Laubenganghaus, Siemensstadt, Berlin, Hans Scharoun, 1956-58
In times like these it is crucial to remain positive. For me architecture books have always been a means to dream away and immerse myself in something beautiful. One of these book is Carsten Krohn’s excellent Hans Scharoun monograph, published in 2018 by Birkhäuser. For the book Krohn took photos of almost all of Scharoun’s buildings, drew new plans and also included a number of largely unknown buildings the architect designed in what was then East Prussia. Further supplemented with materials from the Scharoun archive at Akademie der Künste Krohn’s book allows for a sparkling immersion in the work of this „other“ modernist architect and is highly recommended to anyone with a love for Scharoun.
Hans Scharoun‘s connection to the Ruhr area dates back to his early years as an architect in the 1920s. But it was only until the postwar years that he actually got to build there: two schools and a church, building types he didn’t realize anywhere else than here. These buildings, the schools in Lünen and Marl as well as the Johannes Church in Bochum are the focal point of the present book: „Hans Scharoun im Ruhrgebiet - Entwerfen und Bauen für das Leben“, published in 2017 by Berlin Story Verlag. The book gathers the proceedings of a travelling symposium revolving around Scharoun’s Ruhr area buildings, focusing predominantly on his school designs. The reader gets to know the two schools in many details from their inception to the later problems with maintaining and ultimately restoring them to their former glory. In line with the book‘s title the actual school life in these buildings also plays a role in the all-encompassing description of these outstanding buildings (very well contextualized by Peter Blundell Jones in his essay): what influence do Scharoun‘s designs still have on the daily educational work? And what are the unique qualities of them? These and other questions are answered in the book, giving insight into the practical and transtemporal aspects of these designs. I can’t deny that I am particularly fond of Scharoun‘s school as I think they are the most advanced and child-oriented pieces of postwar school architecture in Germany and beyond. In relation to them it is also interesting to read the contributions dedicated to the people involved with commissioning Scharoun and defending his designs against narrow-minded bureaucrats. The book is a fine read and marks the lucky end of a decade long struggle to protect and restore these unique pieces of postwar architecture.

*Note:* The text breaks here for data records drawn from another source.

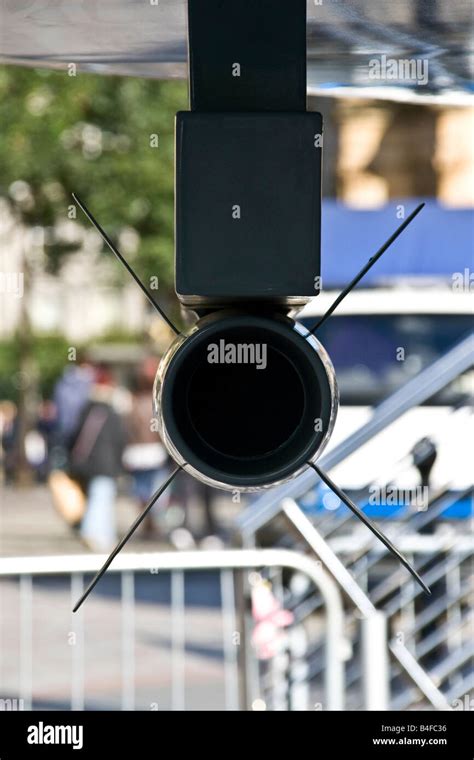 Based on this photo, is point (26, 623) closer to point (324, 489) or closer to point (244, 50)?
point (324, 489)

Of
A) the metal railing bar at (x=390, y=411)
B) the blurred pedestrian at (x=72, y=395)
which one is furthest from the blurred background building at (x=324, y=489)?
the blurred pedestrian at (x=72, y=395)

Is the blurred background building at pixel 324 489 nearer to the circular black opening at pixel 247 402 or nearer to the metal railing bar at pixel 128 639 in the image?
the metal railing bar at pixel 128 639

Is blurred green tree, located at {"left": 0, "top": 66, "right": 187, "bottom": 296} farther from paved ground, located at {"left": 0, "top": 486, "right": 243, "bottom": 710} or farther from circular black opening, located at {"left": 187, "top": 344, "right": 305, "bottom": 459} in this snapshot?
circular black opening, located at {"left": 187, "top": 344, "right": 305, "bottom": 459}

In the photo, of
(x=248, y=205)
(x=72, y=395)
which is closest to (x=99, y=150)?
(x=72, y=395)

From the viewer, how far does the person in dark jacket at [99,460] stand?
36.9 feet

New reading material satisfying my current obsession with Hans Scharoun: Markus Peter and Ulrike Tillmann’s „Hans Scharoun und die Entwicklung der Kleinwohnungsgrundrisse - Die Wohnhochhäuser Romeo und Julia 1954-1959“, published late last year by Park Books. Based on Scharoun’s residential high rises „Romeo“ and „Julia“ in Stuttgart the authors analyze the architect’s extensive and continuously developing research of floor-plans and the very process of living. Drawing on extensive archival material from the Scharoun archive at Akademie der Künste Berlin the authors seek to provide deep insights into Scharoun’s design process as well as his expansive intellectual and research network. Incorporating unpublished archival writings and drawings the book is a real treasure trove and will hopefully serve as point of departure for renewed Scharoun research. Promises to be an exciting read!